Incluso cantada y con sermón, París bien sigue valiendo una misa. Sobre todo ahora, cuando a los descreídos pueblos de Europa les ha dado por frecuentar las iglesias. El resultado es espectacular: en la ville de la lumière, los operadores turísticos están fundiendo los plomos de¡ turismo continental.Regreso de allí y aún me pregunto: ¿qué cosa se reparte gratis en la capital de un país donde no regalan nada? La demanda de camas, con su tradicionalmente abultada salchicha a modo de almohada, desbordó todas las previsiones. La gente duerme de pie o agarrándose a una farola de los Campos Elíseos. No hay forma de encontrar mesa libre en ningún buen pesebre culinario, y son muchos, y tampoco en las célebres terrazas de los cafés del existencialismo sartriano, qué ya no existe. Lido y Moulin Rouge pertenecen a la soldadesca nipona que acribilla a las hermosas vedetes con sus lanzallamas, cuyos fogonazos calcinan los mejores muslos y pechugas de la cabaña nacional. Las masas llegadas de todos los puntos del globo trepan por los hierros de Eiffel y luchan a brazo partido a fin de contemplar la vista panorámica de la ciudad.

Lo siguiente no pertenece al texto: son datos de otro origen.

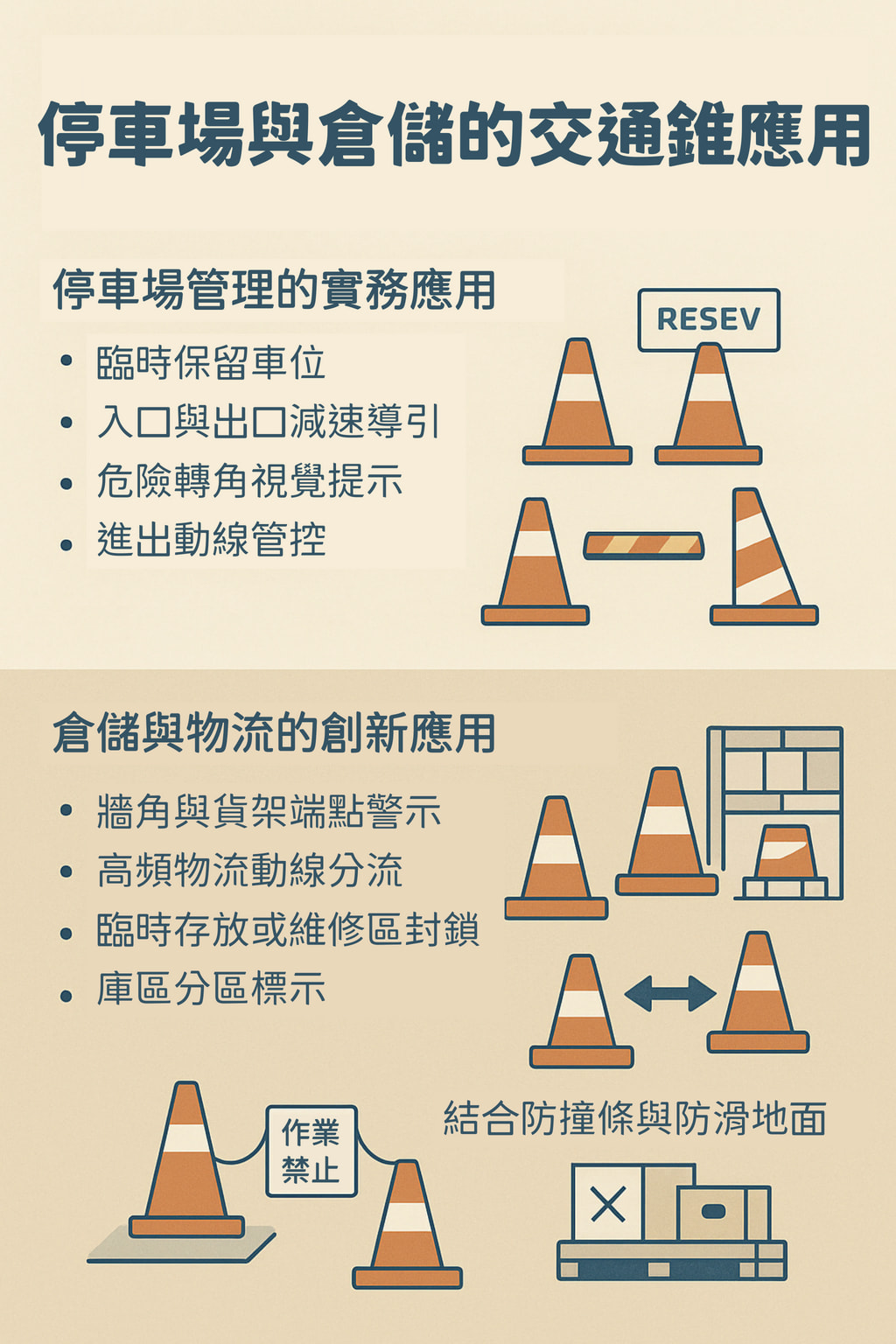 停車場與倉儲的交通錐應用 停車場與倉儲的交通錐應用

La novedad son los homosexuales peripatéticos en el Bois de Boulogne. Mientras se debate una proposición de la derecha sexual que postula la reapertura de las casas de citas clausuradas en 1946, 200 enormes travestidos con liguero negro y mamas de silicona se venden cada noche, a piezas o enteros, al mejor postor, que acude en automóvil de lujo riéndose del sida y de otras plagas. En este sentido París es como una misa de córpore insepulto. En los restantes prevalece la higiénica cultura del bidé privado y los abolicionistas del lupanar público no quieren oír hablar de prostitución oficial bajo ningún techo de vivienda protegida. Dicen que más vale malo conocido -la mujer de la calle, en la calle- que bueno por conocer.